:: INFORMATION SHOWN

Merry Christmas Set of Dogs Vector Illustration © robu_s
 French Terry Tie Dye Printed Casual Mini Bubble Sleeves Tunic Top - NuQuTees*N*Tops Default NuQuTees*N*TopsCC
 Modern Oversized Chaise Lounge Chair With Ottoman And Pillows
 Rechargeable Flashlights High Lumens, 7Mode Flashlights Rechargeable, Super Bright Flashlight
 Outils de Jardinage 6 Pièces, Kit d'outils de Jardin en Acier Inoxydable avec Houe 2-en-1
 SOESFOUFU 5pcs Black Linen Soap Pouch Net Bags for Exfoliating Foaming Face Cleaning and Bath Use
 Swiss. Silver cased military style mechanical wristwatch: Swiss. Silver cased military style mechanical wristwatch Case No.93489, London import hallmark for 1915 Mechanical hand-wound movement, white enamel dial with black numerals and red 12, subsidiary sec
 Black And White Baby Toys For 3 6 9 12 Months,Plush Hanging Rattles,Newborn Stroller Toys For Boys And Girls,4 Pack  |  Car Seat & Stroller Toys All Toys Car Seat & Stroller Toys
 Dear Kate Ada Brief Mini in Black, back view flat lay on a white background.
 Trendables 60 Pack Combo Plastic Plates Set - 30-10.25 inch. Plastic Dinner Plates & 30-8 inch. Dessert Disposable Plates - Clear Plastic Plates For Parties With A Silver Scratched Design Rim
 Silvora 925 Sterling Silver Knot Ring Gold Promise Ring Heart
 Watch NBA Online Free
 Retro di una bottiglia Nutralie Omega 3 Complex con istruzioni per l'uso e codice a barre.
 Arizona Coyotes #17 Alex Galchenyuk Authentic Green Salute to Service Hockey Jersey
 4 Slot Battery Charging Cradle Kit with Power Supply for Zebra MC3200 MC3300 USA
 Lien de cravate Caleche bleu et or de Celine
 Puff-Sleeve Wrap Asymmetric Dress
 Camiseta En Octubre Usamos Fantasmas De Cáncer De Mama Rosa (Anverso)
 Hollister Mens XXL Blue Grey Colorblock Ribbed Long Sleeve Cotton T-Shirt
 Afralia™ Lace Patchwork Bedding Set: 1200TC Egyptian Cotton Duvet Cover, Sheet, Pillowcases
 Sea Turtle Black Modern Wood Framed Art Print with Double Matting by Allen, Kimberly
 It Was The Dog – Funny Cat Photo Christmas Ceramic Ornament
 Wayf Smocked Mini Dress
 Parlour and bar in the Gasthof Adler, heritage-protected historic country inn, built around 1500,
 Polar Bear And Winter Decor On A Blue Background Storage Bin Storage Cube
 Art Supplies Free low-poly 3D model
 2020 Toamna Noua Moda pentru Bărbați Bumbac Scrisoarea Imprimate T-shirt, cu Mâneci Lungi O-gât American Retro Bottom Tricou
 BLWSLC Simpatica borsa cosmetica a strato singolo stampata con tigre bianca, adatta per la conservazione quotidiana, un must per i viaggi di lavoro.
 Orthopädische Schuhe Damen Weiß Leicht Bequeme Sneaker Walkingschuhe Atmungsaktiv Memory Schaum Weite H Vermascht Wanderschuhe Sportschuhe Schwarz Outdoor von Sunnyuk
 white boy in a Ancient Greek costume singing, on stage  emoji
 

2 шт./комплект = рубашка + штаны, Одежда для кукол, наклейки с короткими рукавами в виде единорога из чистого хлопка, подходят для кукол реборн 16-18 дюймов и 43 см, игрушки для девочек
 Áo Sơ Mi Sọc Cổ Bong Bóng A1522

::::

→ WHAT TO PRODUCE
Only the lines with "Silver" are needed; find them in the records and copy each one.

→ EXERCISE RESULT
 Swiss. Silver cased military style mechanical wristwatch: Swiss. Silver cased military style mechanical wristwatch Case No.93489, London import hallmark for 1915 Mechanical hand-wound movement, white enamel dial with black numerals and red 12, subsidiary sec
 Trendables 60 Pack Combo Plastic Plates Set - 30-10.25 inch. Plastic Dinner Plates & 30-8 inch. Dessert Disposable Plates - Clear Plastic Plates For Parties With A Silver Scratched Design Rim
 Silvora 925 Sterling Silver Knot Ring Gold Promise Ring Heart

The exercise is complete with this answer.